Quaise has raised $63 million in start-up cash to proceed with the development of their technology. Developed by researchers at MIT’s Plasma Science and Fusion Center, the hybrid deep drilling technology will circumvent some of the classic struggles of drilling. So far, man has only drilled about 7.5 miles down at Russia’s Kola Superdeep Borehole and the Al Shaheen oil well in Qatar. Metal bits are unable to withstand the extreme heat of approximately 930°F found at 12 miles beneath the surface, so to achieve their record-setting goal the team will burn rather than drill.
A gyrotron is a vacuum tube that creates electromagnetic radiation by shaking electrons inside a magnetic field. “Our gyrotron-powered drilling platform vaporizes boreholes through rock and provides access to deep geothermal heat without complex downhole equipment,” reads Quaise's website. Essentially, the technology burns a hole through very hot, dense rock. Water can then be pumped downwards, where it will quickly vaporize into steam (more technically, super-critically heated water). This steam powers the electrical plant, which in turn distributes power to subscribers. While geothermal energy can have environmental side effects, it is substantially better for the planet than coal and oil-based energy.
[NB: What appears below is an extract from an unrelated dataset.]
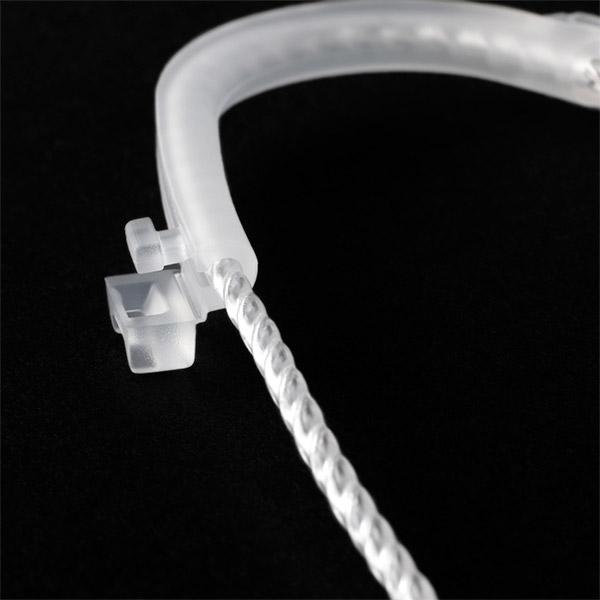 final イヤーフック Ear hooks TYPE B ペア  CLEAR FI-EHBCL 【864】 |  | 03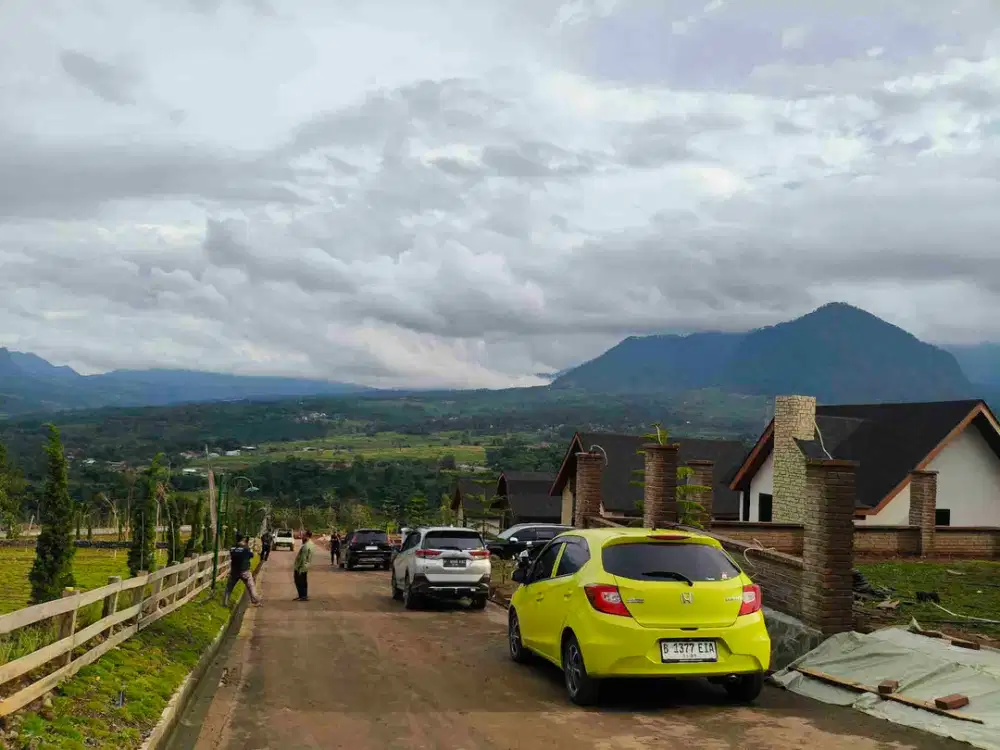 Jual Tanah Murah SHM di Bogor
Quaise hopes its drilling techniques will be an equitable solution to the world's energy problems. Unlike oil or gas, all countries sit upon geothermal reserves—they just have to be able to dig down far enough. The company hopes to begin working on prototypes soon, with the goal of transforming coal-fueled power stations into steam-powered geothermal ones by 2028. Each shaft, once drilled, is expected to last up to a century. CEO and co-founder Carlos Araque assured New Atlas that no Earth-shattering calamities are likely to result. The Earth already leaches heat, so drilling will not release more into the environment. He also mentions drilling is different than fracking for natural gas, which has its own concerns. When asked about disaster movies, he replied,”This is precisely why we need to do this: to avoid a disaster.”